In approaching the new album, Utada was very careful about choosing her collaborators and setting their expectations. "With both teams, I wanted them to lay out the basic tracks," she says, "but I told them that I have to write my own songs, with complete control over melody and lyrics."
The producers also turned out to have very different processes. "With Stargate, it was all data transfer," she says. "I recorded most of the vocals in Tokyo and sent them to Norway or New York. They loved it—they were like ‘This is the future!” But with Tricky, we actually spent time in the studio together, and that was nice and warm. I’m not much of an extrovert, so it was a good experience to have to communicate and get to know a new person."
Utada singles out the track "Merry Christmas Mr. Lawrence – FYI" (which includes samples from experimental pianist Ryuichi Sakamoto and references to the film Merry Christmas, Mr. Lawrence) as a central moment in determining her final vision of the album. "I recorded the demo in December of 2007," she says, "but it was a difficult song, and I wasn’t satisfied with it—I had to try to get to the bottom of it. And then just a few months ago, I suddenly came up with the right lyrics, changed the melody in places, and it made sense.
"When that song crystallized," she continues, "the message of it was very strong and confident, and I felt like it was a good introduction to me, that it fits in with my current story."
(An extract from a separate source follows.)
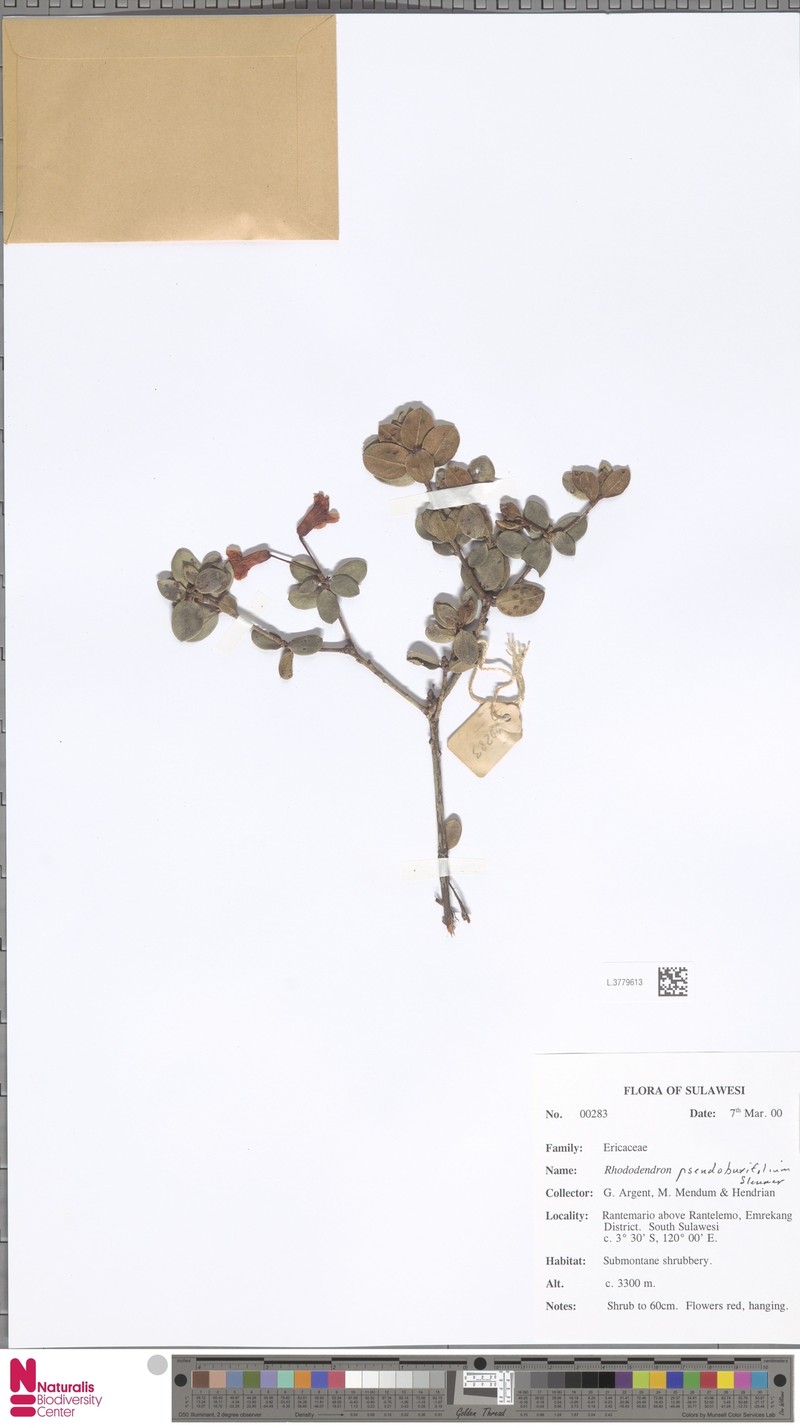 Rhododendron pseudobuxifolium photo 3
In contrast, the breezy "Apple and Cinnamon" came "almost too easily" to Utada. The vocals on the final version are mostly what she recorded as the demo. "I almost don't even feel like I made it," she says. "I didn’t get to savor the experience of it." But her own favorite song on the album is the flirty, sophisticated "Me Muero"—"no other song makes me feel the way that one does."
It's been a long journey, full of many miles and many melodies, for Utada to get to this album. But the lessons she's learned ultimately gave her a clear sense of what she was looking for. "I wanted to get back to basics," she says. "Nothing gimmicky, just very straightforward and confident, with a sense of humor. I was so sure of what I was doing, and I just became more of an adult—finally."